For most seismologists, large earthquakes are interesting not only because of the effects caused but also because of their size. One unresolved question is "what causes an earthquake to be big?" This may be answered in the future through a better understanding of what actually occurs during a large earthquake in terms of which parts of the fault move, how much do they move, and how fast. Methodologies exist to perform a finite fault inversion, which entails using the information from seismographic recordings to image the rupture process on the fault plane. Such analysis requires computaion. Detail fault rupture analysis has implications for estimating the shaking effects near an earthquake by characterizing the rupture plane and the rupture direction.

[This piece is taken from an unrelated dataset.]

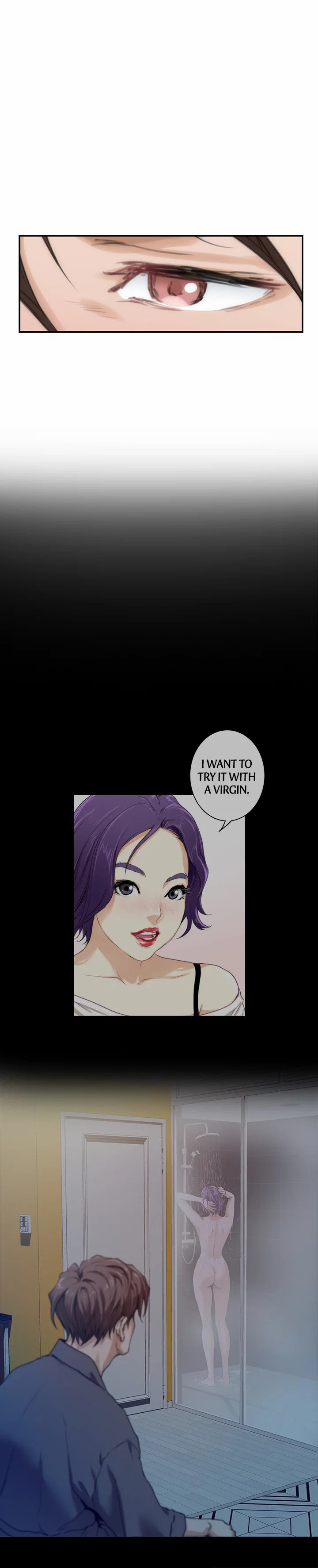 S-Mate - Chapter 23 [photo 18] - MangaPorn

In the context of hazard estimation, response time is important. The question arises whether it is possible to quickly determine if the rupture process was simple or | complex. One way to make a simple determination is try to determine an average source time function for the earthquake.>
The file DECON.tgz contains the directory structure and processing scripts to perform the deconvolution. After downloading, execute the following command to unpack the distribution:
gunzip -c DECON.tgz | tar xvf -
which will unpack the following files and directories:
DECON/PROTO.EMP/ DECON/PROTO.EMP/DOITEMP DECON/PROTO.GRN/ DECON/PROTO.GRN/DOMKSYN DECON/PROTO.GRN/DOITGRN
These scripts use the programs saclhdr,
saciterd and gsac. To do the graphics we need the
GraphicsMagick gm (the
ImageMagick convert can
be used by slightly modify the script) and GMT for the map displays.

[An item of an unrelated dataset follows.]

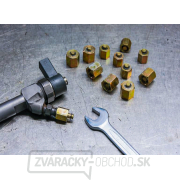 Vysokotlaková skúšačka systémov Common-Rail, BGS 62611 Vysokotlaková skúšačka systémov Common-Rail, BGS 62611 náhled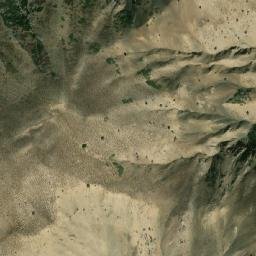 Satellite imagery of Khadang Sar, AF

The scripts are discussed in the following links:
Assume that we have already prepared teleseismic data by removing the instrument response, rotating traces, and QC'ing waveforms and that they are placed on the system in the order used for telemseismic source inversion or for using teleseismic for quality control. We will set up the processing using empirical and synthetic Green's functions.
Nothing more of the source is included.